Surprisingly, the recovery comes in a drought year.
Experts attribute this to an aggressive farm credit policy. The last two years saw soft credit flow into stressed farmhands despite the global cash crunch, a loan waiver of Rs 60,000 crore - slightly more than what India spends for its military upgrade - and an almost 50 per cent hike in minimum support prices (MSP) of major commercial crops.
All this helped ease the burden on farms, the experts said.
MSP is the price set by the government for the grain it buys, which also serves as the base price for private traders.

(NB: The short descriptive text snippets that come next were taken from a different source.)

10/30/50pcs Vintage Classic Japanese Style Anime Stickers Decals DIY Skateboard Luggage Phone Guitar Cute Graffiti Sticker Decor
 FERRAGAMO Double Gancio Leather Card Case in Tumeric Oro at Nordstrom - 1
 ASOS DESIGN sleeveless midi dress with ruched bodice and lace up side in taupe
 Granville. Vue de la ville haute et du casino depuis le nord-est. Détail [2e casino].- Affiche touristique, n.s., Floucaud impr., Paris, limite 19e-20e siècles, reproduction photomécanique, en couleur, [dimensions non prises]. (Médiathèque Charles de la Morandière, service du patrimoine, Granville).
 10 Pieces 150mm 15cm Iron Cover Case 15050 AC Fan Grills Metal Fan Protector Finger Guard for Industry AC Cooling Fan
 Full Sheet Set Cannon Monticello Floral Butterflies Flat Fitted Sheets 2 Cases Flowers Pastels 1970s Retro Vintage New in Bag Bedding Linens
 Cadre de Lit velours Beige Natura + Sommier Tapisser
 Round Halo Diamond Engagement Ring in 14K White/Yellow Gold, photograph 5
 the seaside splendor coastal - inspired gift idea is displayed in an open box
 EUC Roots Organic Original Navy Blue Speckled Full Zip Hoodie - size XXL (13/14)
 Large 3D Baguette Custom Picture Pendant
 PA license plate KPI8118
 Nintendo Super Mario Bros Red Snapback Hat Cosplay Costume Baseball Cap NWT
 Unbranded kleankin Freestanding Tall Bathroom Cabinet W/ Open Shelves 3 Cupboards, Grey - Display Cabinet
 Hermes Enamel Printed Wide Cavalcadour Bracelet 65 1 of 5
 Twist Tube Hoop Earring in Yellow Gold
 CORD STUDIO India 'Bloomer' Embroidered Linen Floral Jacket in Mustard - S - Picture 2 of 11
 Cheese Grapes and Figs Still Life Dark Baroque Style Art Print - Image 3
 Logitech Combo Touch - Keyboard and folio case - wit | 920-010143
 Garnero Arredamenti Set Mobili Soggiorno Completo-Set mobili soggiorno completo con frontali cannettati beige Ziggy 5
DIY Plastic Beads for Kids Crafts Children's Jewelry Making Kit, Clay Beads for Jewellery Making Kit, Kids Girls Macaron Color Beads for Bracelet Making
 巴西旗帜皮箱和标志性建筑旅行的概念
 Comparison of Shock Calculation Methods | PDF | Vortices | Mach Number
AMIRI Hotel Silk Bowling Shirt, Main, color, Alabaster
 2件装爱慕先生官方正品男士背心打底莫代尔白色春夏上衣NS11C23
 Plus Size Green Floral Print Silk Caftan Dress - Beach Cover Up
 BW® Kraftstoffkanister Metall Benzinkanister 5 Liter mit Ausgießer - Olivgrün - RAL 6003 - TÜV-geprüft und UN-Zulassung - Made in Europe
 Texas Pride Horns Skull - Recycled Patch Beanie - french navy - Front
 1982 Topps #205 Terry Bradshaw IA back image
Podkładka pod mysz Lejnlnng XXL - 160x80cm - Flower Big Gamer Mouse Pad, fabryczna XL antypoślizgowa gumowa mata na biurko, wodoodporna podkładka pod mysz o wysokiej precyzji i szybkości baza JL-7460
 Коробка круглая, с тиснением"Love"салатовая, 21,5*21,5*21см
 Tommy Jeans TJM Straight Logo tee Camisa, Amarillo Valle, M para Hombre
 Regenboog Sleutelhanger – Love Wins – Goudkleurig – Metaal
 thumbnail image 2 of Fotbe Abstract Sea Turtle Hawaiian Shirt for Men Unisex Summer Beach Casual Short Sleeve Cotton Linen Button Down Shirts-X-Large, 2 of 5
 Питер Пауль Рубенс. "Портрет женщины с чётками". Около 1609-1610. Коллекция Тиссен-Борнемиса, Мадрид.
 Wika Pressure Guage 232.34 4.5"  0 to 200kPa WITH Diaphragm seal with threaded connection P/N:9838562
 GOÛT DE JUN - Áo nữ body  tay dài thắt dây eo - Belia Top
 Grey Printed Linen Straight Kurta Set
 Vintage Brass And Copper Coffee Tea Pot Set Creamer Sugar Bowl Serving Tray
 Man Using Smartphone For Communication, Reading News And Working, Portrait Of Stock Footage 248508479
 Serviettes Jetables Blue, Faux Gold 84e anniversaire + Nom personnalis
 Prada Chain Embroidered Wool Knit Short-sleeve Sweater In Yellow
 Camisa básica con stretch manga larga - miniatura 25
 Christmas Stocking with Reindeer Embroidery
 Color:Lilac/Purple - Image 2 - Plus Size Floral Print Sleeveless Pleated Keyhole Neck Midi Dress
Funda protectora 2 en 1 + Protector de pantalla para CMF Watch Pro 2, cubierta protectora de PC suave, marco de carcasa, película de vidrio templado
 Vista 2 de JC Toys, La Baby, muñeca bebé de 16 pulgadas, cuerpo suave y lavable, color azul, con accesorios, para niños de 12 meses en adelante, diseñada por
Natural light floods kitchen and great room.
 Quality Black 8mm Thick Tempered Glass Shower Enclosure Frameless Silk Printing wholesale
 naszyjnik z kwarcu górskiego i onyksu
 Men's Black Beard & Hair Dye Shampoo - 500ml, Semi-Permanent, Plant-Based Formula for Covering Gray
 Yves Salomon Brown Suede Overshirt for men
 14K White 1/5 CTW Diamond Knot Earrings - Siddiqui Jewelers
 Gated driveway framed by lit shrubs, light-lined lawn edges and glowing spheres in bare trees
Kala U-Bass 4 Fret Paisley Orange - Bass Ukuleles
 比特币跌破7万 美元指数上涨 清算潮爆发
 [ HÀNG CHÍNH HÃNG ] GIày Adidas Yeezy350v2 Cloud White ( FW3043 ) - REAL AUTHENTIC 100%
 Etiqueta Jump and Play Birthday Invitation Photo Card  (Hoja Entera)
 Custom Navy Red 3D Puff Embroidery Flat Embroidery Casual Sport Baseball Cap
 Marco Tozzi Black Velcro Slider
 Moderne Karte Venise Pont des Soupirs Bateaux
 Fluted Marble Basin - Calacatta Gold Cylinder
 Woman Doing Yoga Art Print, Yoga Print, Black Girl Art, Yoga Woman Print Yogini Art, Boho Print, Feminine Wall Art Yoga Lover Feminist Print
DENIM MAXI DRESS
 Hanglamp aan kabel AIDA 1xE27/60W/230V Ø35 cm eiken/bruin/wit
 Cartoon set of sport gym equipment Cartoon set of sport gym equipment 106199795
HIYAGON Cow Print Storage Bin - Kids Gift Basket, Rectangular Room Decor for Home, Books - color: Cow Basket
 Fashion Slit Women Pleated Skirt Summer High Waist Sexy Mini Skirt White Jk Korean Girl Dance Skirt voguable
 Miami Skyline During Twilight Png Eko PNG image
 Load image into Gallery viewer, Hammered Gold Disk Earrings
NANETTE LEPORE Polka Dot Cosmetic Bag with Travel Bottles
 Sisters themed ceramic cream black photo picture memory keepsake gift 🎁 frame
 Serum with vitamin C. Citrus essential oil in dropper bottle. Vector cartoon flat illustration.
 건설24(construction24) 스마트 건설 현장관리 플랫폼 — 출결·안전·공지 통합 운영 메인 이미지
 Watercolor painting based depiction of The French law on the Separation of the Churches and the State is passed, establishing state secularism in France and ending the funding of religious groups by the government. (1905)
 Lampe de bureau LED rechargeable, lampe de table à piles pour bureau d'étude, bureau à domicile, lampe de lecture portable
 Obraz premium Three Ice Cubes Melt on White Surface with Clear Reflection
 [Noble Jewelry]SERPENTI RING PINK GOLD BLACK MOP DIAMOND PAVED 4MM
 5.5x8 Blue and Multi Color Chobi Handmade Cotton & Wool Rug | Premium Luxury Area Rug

The suicides haven't stopped entirely but government data suggests a progressive drop between 2007 and 2009 (see box). In Maharashtra, for instance, the number of suicides went down from 627 to 259 in just a year.
"Despite the recession, farm credit targets were met," said S. Mahendra Dev, who was a member of a committee set up by the Andhra Pradesh government to probe suicides by cotton farmers between 2001 and 2003.
Dev, who currently heads the Commission of Agricultural Costs and Prices that fixes MSPs, said that in the last two years, higher MSPs also played a key role. "Support prices increased by up to 50 per cent for all major cash crops," he said.
In Maharashtra and Andhra Pradesh, the incomes of cotton growers increased by Rs 8,000 for every 10 quintals of yield per acre after MSP was hiked from Rs 1,700 in 2007 to Rs 2,500 in 2008 for small variety cotton and from Rs 1,900 to Rs 3,000 for the long staple variety.
Then came the Agriculture Debt Waiver and Debt Relief Scheme, in 2008. According to agriculture ministry figures, 3 crore small farmers and 68 lakh "other farmers" benefited from it.
The government is disbursing funds to lending institutions in a phased manner, and has already released Rs 40,000 crore.
"Now the government has set up a task force to look into the matter of farmers who'd taken loans from private lenders and are not covered by the waiver scheme," a ministry official, who didn't want to be named, said.
According to government data, farm credit flow went up from Rs 86,981 crore in 2003-04 to Rs 2,87,149 crore in 2008-09.
From the 2006-07 kharif (summer) season, farmers have received loans up to Rs 3 lakh at 7 per cent interest. An additional subsidy of 1 per cent is being paid from this year as incentive to those repaying short-term loans on time.
Activists, however, greeted the government data with caution, saying the bulk of suicides are passed off as non-farm suicides.
"There is pressure on the administration to downplay suicides because of political, compensation implications. Suicides are continuing in Adilabad in Andhra," Kavitha Kurugnathi of the Hyderabad-based Centre for Sustainable Agriculture said.
She said district revenue officials are briefed to attribute a majority of suicides to non-agrarian causes.
But Dev responded: "We think the thrust on farm credit has definitely helped bring suicides down."